• [Required action] A word-for-word reproduction of the data below is needed, with no pictures in it.

• [Data extract]
· · · · · · ·
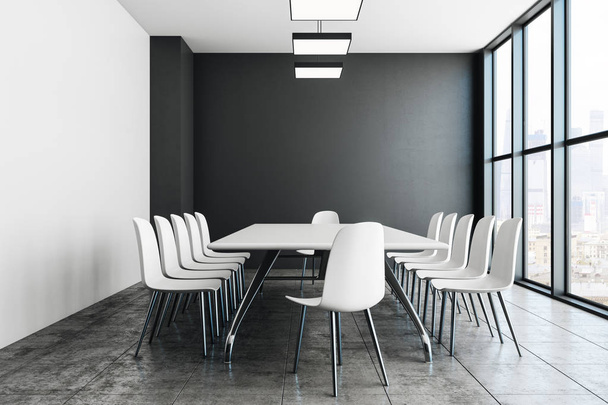Contemporary meeting room interior with copy space on wall. Mock up, 3D Rendering  - Photo, Image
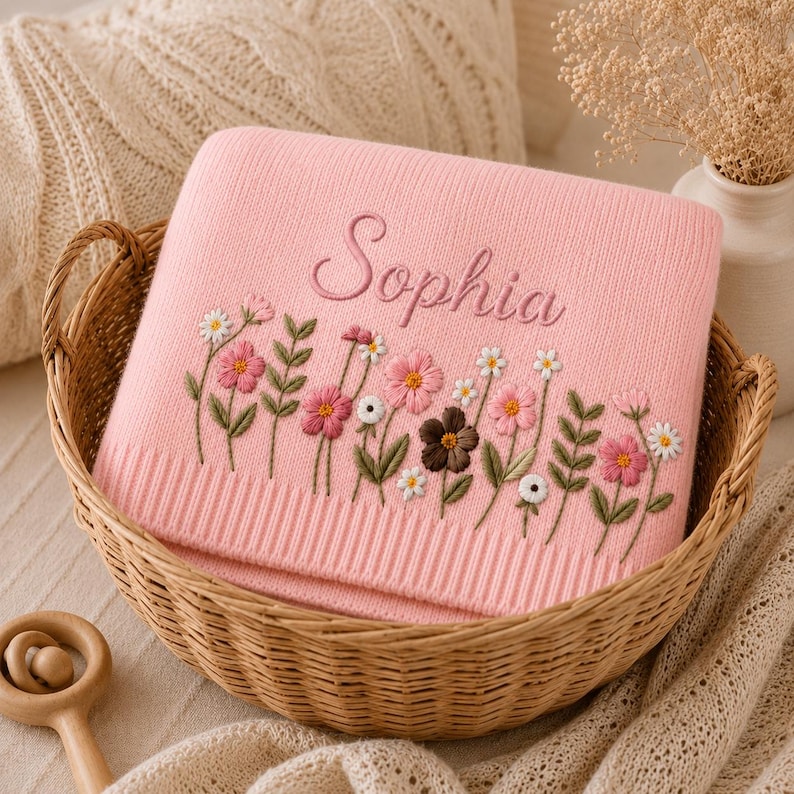 May include: A pink knitted blanket with the name "Sophia" embroidered in cursive script. The blanket features a floral embroidery design with pink, white, and brown flowers and green leaves. The blanket is folded in a wicker basket.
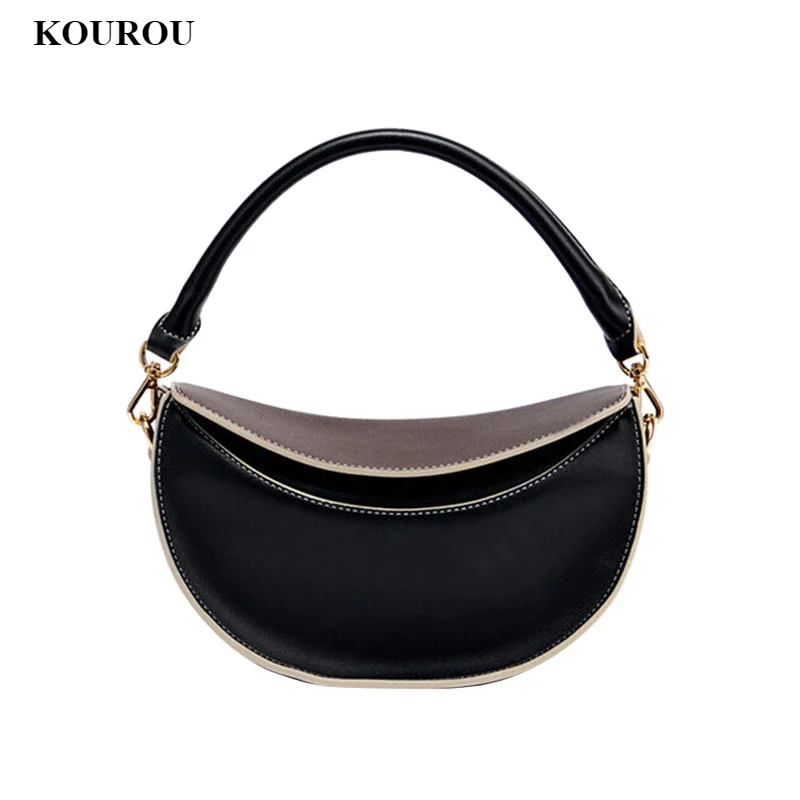 

Design retro wide shoulder strap hand bag female 2021 new personality all-match single shoulder messenger half-moon bag tide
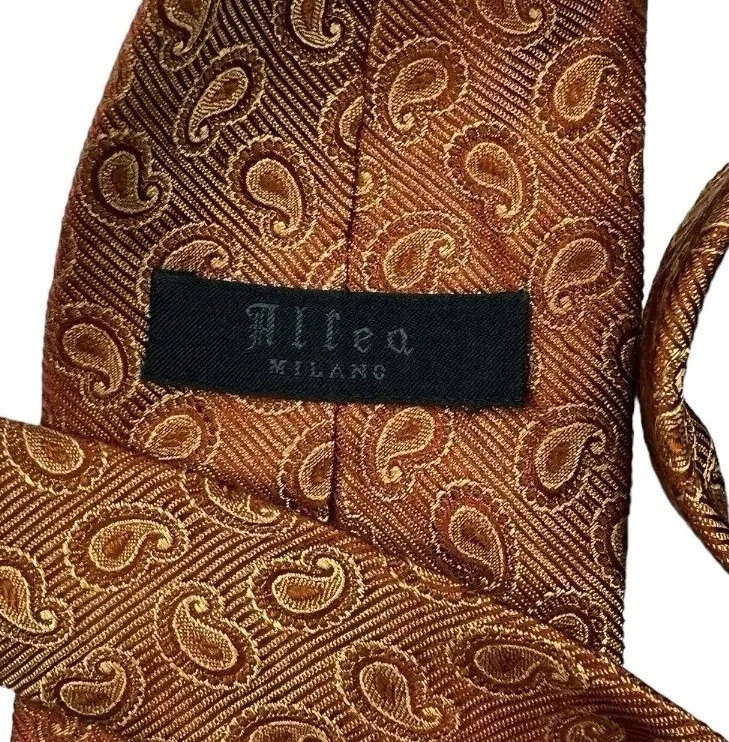 Corbata de seda para hombre ALTEA ITALIA XL naranja negro cachemira W:3,7" usada en excelente estado Foto 2 de 4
· · · · · · ·
• [Final answer]
Contemporary meeting room interior with copy space on wall. Mock up, 3D Rendering  - Photo, Image
 May include: A pink knitted blanket with the name "Sophia" embroidered in cursive script. The blanket features a floral embroidery design with pink, white, and brown flowers and green leaves. The blanket is folded in a wicker basket.

Design retro wide shoulder strap hand bag female 2021 new personality all-match single shoulder messenger half-moon bag tide
 Corbata de seda para hombre ALTEA ITALIA XL naranja negro cachemira W:3,7" usada en excelente estado Foto 2 de 4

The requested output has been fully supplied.